Ao propô-la, não apenas se coloca como instância suspeita: estende a suspeição ao Congresso. Também lá há interesses capazes de contaminar a reforma – ao ponto, inclusive, de não permitir que se realize. Em tese, a idéia de transferir a empreitada a uma instância neutra de combate – a Constituinte – seria perfeita, não fosse o fato de que não há instância neutra em política.

 

As forças partidárias que elegeram o governo e o Congresso irão disputar, nos moldes de sempre, espaço na Constituinte – e para lá transferir a disputa em torno da reforma que se julgam sem isenção de promover. A questão-chave, pois, não é neutralidade.

 

Ninguém é neutro.

 

O problema é que a eleição para a tal Constituinte (se ela vier, claro) se dará sob as mesmas regras viciadas das demais eleições. Por que então o resultado seria diferente? Os candidatos a constituinte seriam financiados pelo método Marcos Valério, tornando-se, uma vez eleitos, reféns políticos de seus financiadores – e não de seus eleitores.

 

O governo, com o poder econômico que dispõe – e sem o desgaste de estar sendo diretamente julgado no pleito -, não terá rival no patrocínio de candidaturas.

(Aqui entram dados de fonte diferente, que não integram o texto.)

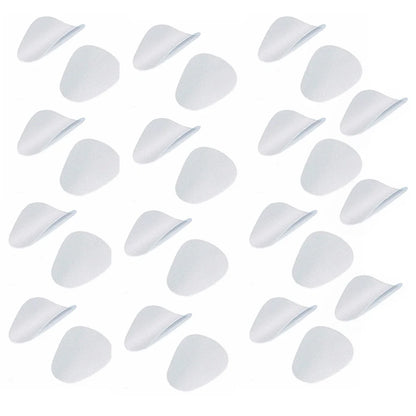 Adesivos Anti-Rugas de Silicone | Lifting Facial Sem Cirurgia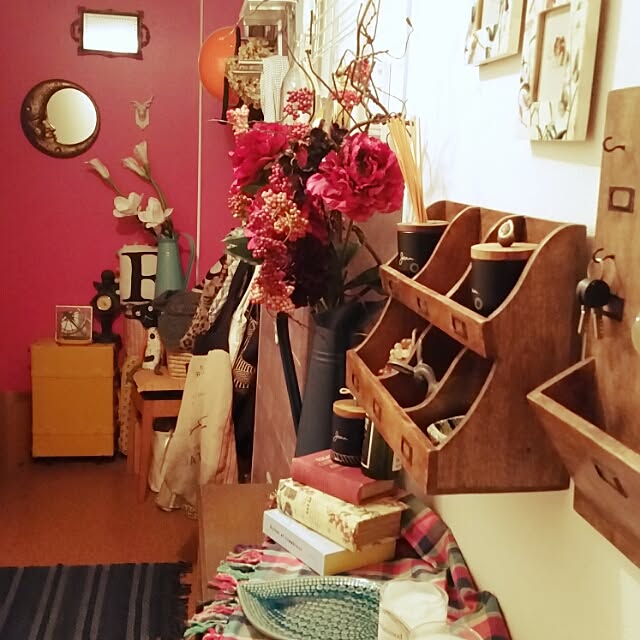 RenaOkamaeさんの実例写真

Tem o apoio de setores antípodas da sociedade. De um lado, a banca nacional e internacional, felicíssimas com a preservação de seus interesses (os lucros do sistema financeiro no período Lula são os mais altos da história).

 

De outro, os movimentos sociais, subsidiados por verbas federais, além da vasta clientela do Bolsa-Família, recém-ampliada com a extensão de seus benefícios a pessoas de até 17 anos.

 

O limite anterior era de 15 anos, mas, como aos 16 anos já se pode tirar título de eleitor, o benefício foi estendido em mais dois anos. Quantos milhões de pessoas esse gesto de aparente benemerência agregou ao curral eleitoral governista? Nenhum oligarca, em tempo algum, concebeu nada semelhante. Por aí se vê que o temor de uma reforma política via Constituinte não é improcedente.

 

Com tal poder, por que o governo deixaria de exercer a influência e o poder de pressão que exerce sobre os legisladores? E há um detalhe: no Congresso, mudanças na Constituição exigem quórum e rito qualificados (três quintos dos votos, em dois turnos, nas duas casas legislativas), enquanto na Constituinte, quórum e rito são reduzidos (o processo é unicameral), o que facilita a composição de maiorias, dando mais eficácia a expedientes tipo mensalão – em pleno vigor, embora com variáveis de rótulo e embalagem.

 

Basta ver as preliminares presentes da votação da proposta de prorrogação da CPMF, já aprovada em primeiro turno na Câmara. Em três dias, o governo gastou a bagatela de R$ 60 milhões, liberando verbas de emendas parlamentares. Depois do segundo turno na Câmara, haverá ainda outros dois turnos no Senado, onde a base governista é menos consistente – ou seja, onde o custo político é bem mais alto. Até lá, quanto ainda sairá dos cofres públicos?

 

O jogo é esse – troca de interesses - e produz, por parte de quem o pratica, frases que não deixem a menor dúvida quanto ao que expressam. Mesmo assim, são proferidas em tom solene e passam como manifestações de sabedoria estratégica.

 

Vejam, por exemplo, esta, de Renan Calheiros, proferida anteontem, em entrevista a uma emissora de TV: “Em política, tudo é possível, desde que as partes conversem”. Que partes, cara-pálida? - pergunta o eleitor, sabendo de antemão que não está incluído.

 

Na mesma linha, o presidente Lula disse no mesmo dia à mesma emissora de TV: “Eu não barganho. Eu faço acordo programático”. Ah, bom. Resta saber em que programa e de qual partido consta a defesa da CPMF. No do PT, com certeza, não, já que o partido não apenas se opôs à criação daquele tributo como o combateu nas vezes anteriores em que foi prorrogado.

 

Via Congresso ou via Constituinte, o que dará consistência e legitimidade à reforma política é a pressão que sobre ela estabelecer a sociedade. Mas, para bem pressionar, como é óbvio, precisa estar informada. E a imprensa, com todas as suas limitações e mazelas, é o canal disponível para suprir, ainda que precariamente, essa demanda.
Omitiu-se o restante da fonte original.